## Aim of the task
Output only the lines below that start at the line containing "From left, Astronauts" and end at the line containing "秋冬韩版修身纯色双排扣男士西", with both ends kept.

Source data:
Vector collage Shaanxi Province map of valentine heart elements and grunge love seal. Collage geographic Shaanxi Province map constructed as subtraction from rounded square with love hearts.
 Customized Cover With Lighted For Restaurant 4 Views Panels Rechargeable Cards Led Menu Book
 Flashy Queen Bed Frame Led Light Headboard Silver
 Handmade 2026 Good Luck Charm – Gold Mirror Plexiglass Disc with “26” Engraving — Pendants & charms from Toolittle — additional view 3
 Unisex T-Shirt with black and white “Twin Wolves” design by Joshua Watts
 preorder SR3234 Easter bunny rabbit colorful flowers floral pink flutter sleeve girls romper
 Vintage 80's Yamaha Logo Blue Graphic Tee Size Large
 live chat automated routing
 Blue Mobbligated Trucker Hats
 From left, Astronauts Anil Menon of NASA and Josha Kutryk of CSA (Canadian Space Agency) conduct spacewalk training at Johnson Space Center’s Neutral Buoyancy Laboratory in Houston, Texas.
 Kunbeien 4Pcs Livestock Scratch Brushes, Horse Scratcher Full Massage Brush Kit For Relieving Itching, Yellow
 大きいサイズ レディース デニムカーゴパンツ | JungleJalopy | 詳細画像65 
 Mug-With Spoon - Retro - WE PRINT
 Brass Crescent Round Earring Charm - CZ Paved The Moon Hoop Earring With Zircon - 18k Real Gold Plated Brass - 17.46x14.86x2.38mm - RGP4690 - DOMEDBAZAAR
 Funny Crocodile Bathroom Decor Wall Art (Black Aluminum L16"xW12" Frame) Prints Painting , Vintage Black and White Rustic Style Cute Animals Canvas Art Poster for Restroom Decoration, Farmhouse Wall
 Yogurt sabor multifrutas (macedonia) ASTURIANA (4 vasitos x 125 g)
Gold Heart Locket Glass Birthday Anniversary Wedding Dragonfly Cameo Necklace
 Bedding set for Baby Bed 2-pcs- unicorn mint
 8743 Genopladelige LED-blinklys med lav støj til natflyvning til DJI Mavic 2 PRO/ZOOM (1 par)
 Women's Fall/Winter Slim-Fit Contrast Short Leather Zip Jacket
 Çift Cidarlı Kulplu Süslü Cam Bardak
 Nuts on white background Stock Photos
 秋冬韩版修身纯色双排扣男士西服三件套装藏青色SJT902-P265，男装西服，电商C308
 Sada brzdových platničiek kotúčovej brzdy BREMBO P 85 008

## Response to this task
 From left, Astronauts Anil Menon of NASA and Josha Kutryk of CSA (Canadian Space Agency) conduct spacewalk training at Johnson Space Center’s Neutral Buoyancy Laboratory in Houston, Texas.
 Kunbeien 4Pcs Livestock Scratch Brushes, Horse Scratcher Full Massage Brush Kit For Relieving Itching, Yellow
 大きいサイズ レディース デニムカーゴパンツ | JungleJalopy | 詳細画像65 
 Mug-With Spoon - Retro - WE PRINT
 Brass Crescent Round Earring Charm - CZ Paved The Moon Hoop Earring With Zircon - 18k Real Gold Plated Brass - 17.46x14.86x2.38mm - RGP4690 - DOMEDBAZAAR
 Funny Crocodile Bathroom Decor Wall Art (Black Aluminum L16"xW12" Frame) Prints Painting , Vintage Black and White Rustic Style Cute Animals Canvas Art Poster for Restroom Decoration, Farmhouse Wall
 Yogurt sabor multifrutas (macedonia) ASTURIANA (4 vasitos x 125 g)
Gold Heart Locket Glass Birthday Anniversary Wedding Dragonfly Cameo Necklace
 Bedding set for Baby Bed 2-pcs- unicorn mint
 8743 Genopladelige LED-blinklys med lav støj til natflyvning til DJI Mavic 2 PRO/ZOOM (1 par)
 Women's Fall/Winter Slim-Fit Contrast Short Leather Zip Jacket
 Çift Cidarlı Kulplu Süslü Cam Bardak
 Nuts on white background Stock Photos
 秋冬韩版修身纯色双排扣男士西服三件套装藏青色SJT902-P265，男装西服，电商C308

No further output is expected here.